L’Iliade subaquatique de Martin Across

Lové quelque part entre souvenirs d’enfance, paysages andins de son Équateur natal, l’air salé des côtes espagnoles et les couleurs changeantes qui peuplent les portes du royaume de Morphée, le génie voyageur de Martín Across a confectionné une collection qui appelle au voyage, à l’exploration constante et à l’accumulation d’objets à la frontière entre imagination et prouesses technologiques. Ses créations inspirées par les sédiments, les couches terrestres et les minéraux sont destinées à être des compagnons de route pratiques, versatiles et excentriques. Chaque pièce est fabriquée à la main en Équateur avec des matériaux locaux, afin de redéfinir la façon dont nous produisons et consommons nos vêtements, dans l’espoir de nous réconcilier avec notre belle planète.

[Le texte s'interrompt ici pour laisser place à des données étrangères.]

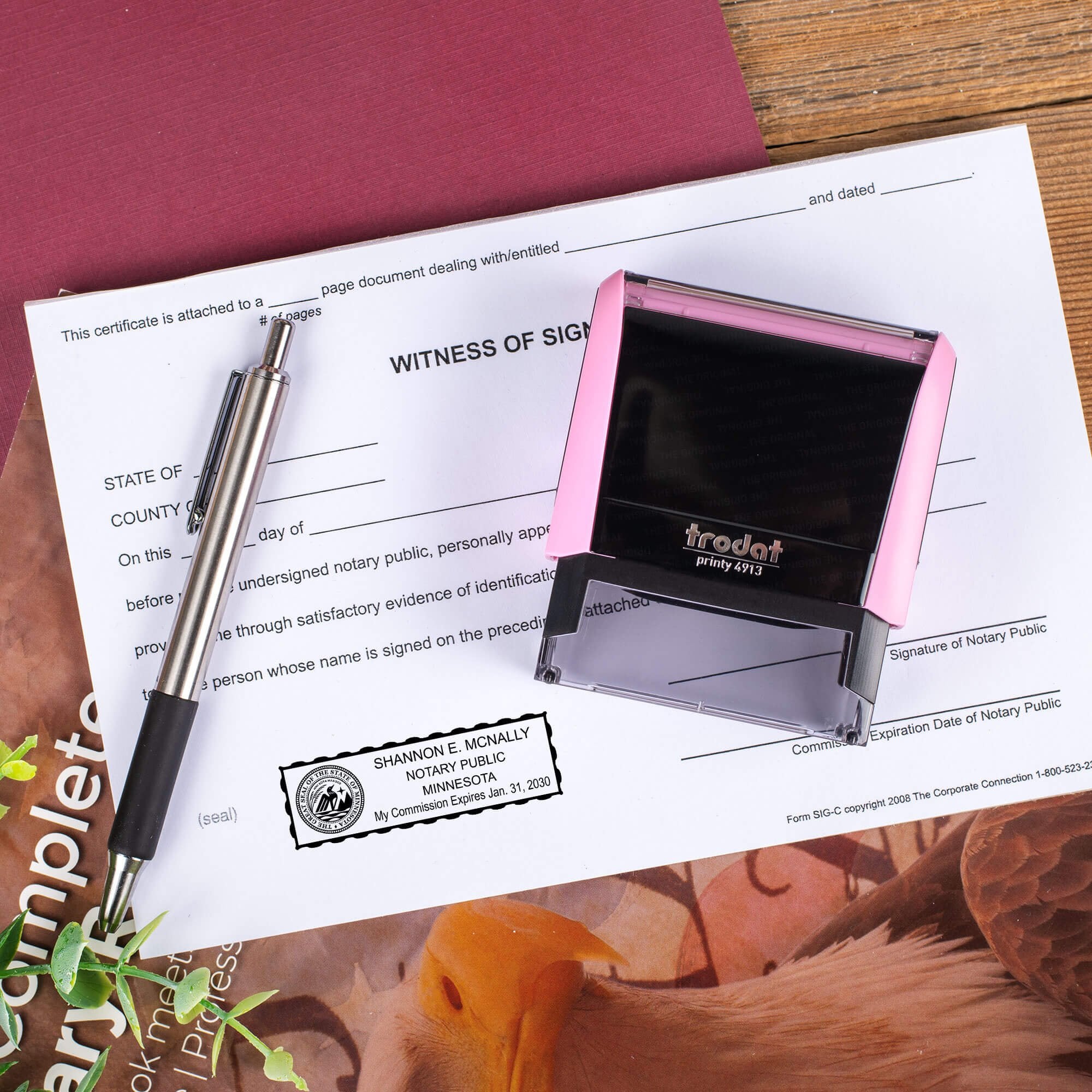 Minnesota Pink Rectangle Notary Stamp on a document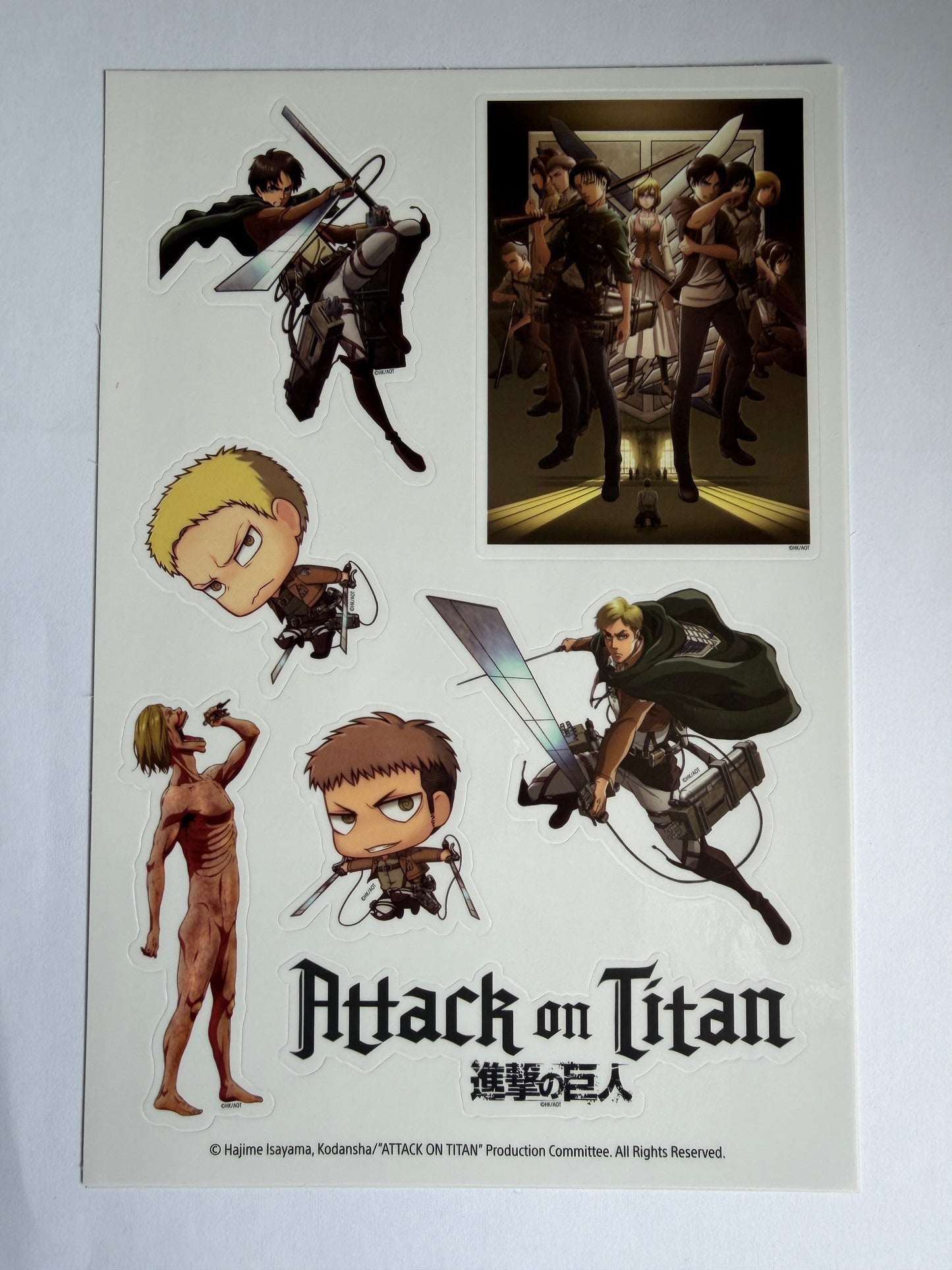 Sticker sheet from 'Attack on Titan' with various characters and scenes.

La possibilité de (re)naître par Tiscar Espadas

Last but not least… L’étrange poésie surréaliste de la collection intitulée « Chapitre 4, Acte 1 » signée Tiscar Espadas a marqué les esprits dès le premier jour de la 080 Barcelona Fashion Week ! Oscillant au rythme de l’encensoir qui a ouvert le défilé, les silhouettes qui ont pris forme sur le catwalk n’étaient ni vraiment pour l’été, ni vraiment pour l’hiver, vraisemblablement pleinement pour les deux, à la frontière entre masculin et féminin, ou autrement dit destinées à habiller tous les humains quel·les qu’iels soient. Rappelant ainsi le passé mais tout aussi ouvert sur l’avenir…en transit permanent. De l’aveu de la designer, ce vestiaire a été pensé comme un pont, une connexion, un lien entre des éléments autrement distants… qui pose au public la question suivante : « Que/Qui veux-tu être ? » Ces vêtements, d’un surréalisme suranné dans leur construction parfois, proposent ainsi la possibilité de construire et d’investir son propre caractère. De fantasmer sans entraves et de laisser libre cours à ses désirs, afin de savoir enfin qui nous sommes vraiment. Tout devient possible quand on se libère.